Die Schönheit des Alters ist heute auch nicht mehr, was sie mir noch gestern im vollen Sonnenschein war. Der Nebel wird sich lichten, etwas Schokolade und eine gute Verdauung: Schon geht´s wieder. Liebe tut auch gar nicht so weh, wie immer behauptet wird. Man muss nur aufhören, zuviel zu analysieren und zu projizieren und weniger mit Freud winken. (Der Mastermind teilt mit: "Die Psychoanalyse ist höchstens noch historisch von Interesse. Als Wissenschaft gilt das schon lange nicht mehr." --- Es gibt auch gute Nachrichten, immer wieder. --- .)
Die Luft zum Atmen fehlt mir weniger, seit ich den Abstand präziser einhalte. Unter sieben Jahren, siebenhundert Kilometern bzw. siebzehn Kilo tu ich´s nicht mehr. Die sieben war immer schon meine Lieblingszahl, obwohl ich für Zwerge erotisch nichts übrig hab. (Ich nehme an, dass das diskriminierend ist, gönne es mir aber heute. - Nicht, dass es so ist, denn es ist immer so, sondern dass ich es ausspreche.)
Das Gott-Konzept geht mir noch stärker als je auf die Nerven. Es steht halt so wenig sympathisches über das Wesen in den "Heiligen Schriften": ein aufgeblasener, rachsüchtiger und eifersüchtiger Typ mit Aufmerksamkeitsdefizit, der zu Gewaltausbrüchen und paranoiden Schüben neigt, Brüdermörder, Totschläger, Vergewaltiger, Kinderschänder privilegiert und Pazifizisten grausam foltert. Außerdem soll er zwar noch barmherzig sein. Das kommt aber meist nicht so klar rüber. Ich wäre bereit, erhebliche Sümmchen zu spenden, um unbewohnte Inseln zu kaufen für die verschiedenen Anhängergruppen des Allmächtigen, auf denen sie seinem angenommenen Willen nach ihr Leben gestalten können, wie´s ihnen passt. Vielleicht funktioniert es aber eher umgekehrt: eine Insel für die Gottlosen? Wussten Sie übrigens, dass Nietzsche ein überzeugter Verteidiger der Burka war?
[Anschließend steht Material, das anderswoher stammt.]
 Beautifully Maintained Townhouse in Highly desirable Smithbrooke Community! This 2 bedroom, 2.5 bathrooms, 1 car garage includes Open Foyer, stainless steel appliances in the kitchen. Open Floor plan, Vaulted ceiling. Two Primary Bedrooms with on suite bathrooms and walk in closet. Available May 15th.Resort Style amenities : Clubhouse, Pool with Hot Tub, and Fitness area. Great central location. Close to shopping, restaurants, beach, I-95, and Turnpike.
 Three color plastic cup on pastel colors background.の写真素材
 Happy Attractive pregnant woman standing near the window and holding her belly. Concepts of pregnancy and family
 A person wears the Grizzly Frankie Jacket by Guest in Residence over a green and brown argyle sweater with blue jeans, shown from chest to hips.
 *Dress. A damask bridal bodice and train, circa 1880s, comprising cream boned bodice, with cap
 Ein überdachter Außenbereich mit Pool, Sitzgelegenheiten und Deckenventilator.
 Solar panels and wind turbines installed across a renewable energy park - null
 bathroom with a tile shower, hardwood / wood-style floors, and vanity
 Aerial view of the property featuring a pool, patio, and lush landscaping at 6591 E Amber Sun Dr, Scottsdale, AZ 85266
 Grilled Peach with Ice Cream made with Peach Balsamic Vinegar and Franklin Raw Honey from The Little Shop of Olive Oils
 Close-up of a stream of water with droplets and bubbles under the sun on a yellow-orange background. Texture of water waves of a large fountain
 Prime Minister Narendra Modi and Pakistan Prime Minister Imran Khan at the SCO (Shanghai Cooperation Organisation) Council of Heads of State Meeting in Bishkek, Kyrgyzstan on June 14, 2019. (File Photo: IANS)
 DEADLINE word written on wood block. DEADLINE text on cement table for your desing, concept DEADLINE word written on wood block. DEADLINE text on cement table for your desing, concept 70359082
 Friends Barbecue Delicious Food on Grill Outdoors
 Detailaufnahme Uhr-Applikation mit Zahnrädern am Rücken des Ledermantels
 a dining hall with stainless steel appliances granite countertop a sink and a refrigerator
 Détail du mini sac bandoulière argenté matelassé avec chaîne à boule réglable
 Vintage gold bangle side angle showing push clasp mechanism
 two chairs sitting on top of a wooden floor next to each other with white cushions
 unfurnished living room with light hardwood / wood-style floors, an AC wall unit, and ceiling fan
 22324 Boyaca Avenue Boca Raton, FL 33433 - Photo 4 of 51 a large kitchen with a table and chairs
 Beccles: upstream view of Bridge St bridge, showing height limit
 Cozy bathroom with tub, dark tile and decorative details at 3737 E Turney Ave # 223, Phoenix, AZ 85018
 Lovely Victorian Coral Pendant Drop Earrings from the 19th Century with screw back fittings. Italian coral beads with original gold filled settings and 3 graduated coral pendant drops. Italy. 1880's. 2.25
Als Kind habe ich mich fürchterlich vor dem hohen Wesen geängstigt und geekelt: Abraham soll seinen Sohn schlachten, überall Blut, das kannibalistische Abendmahl. Zwischenzeitlich hatte ich mich emanzipiert vom Grauen und verschiedene komplexe Deutungsangebote studiert, analysiert, kritisiert. Eine ausgeklügelte Kunst, die Theologie, wie alle Text-Wissenschaften, die aber - siehe oben - eben keine Wissenschaften sind :-) ! Jetzt, kurz vorm Klimakterium, beginne ich wieder meinen frühen Instinkten zu trauen. Vielleicht brauche ich später mal das Konzept erneut. Kann eine nicht ausschließen. Das is ja das Gute (und Schreckliche) dran: Du kannst immer drauf zurückkommen und es neu befüllen. Alles ist möglich.
So long!
(Denken Sie bitte daran, dass ich und Ich literarische Funktionen sind.)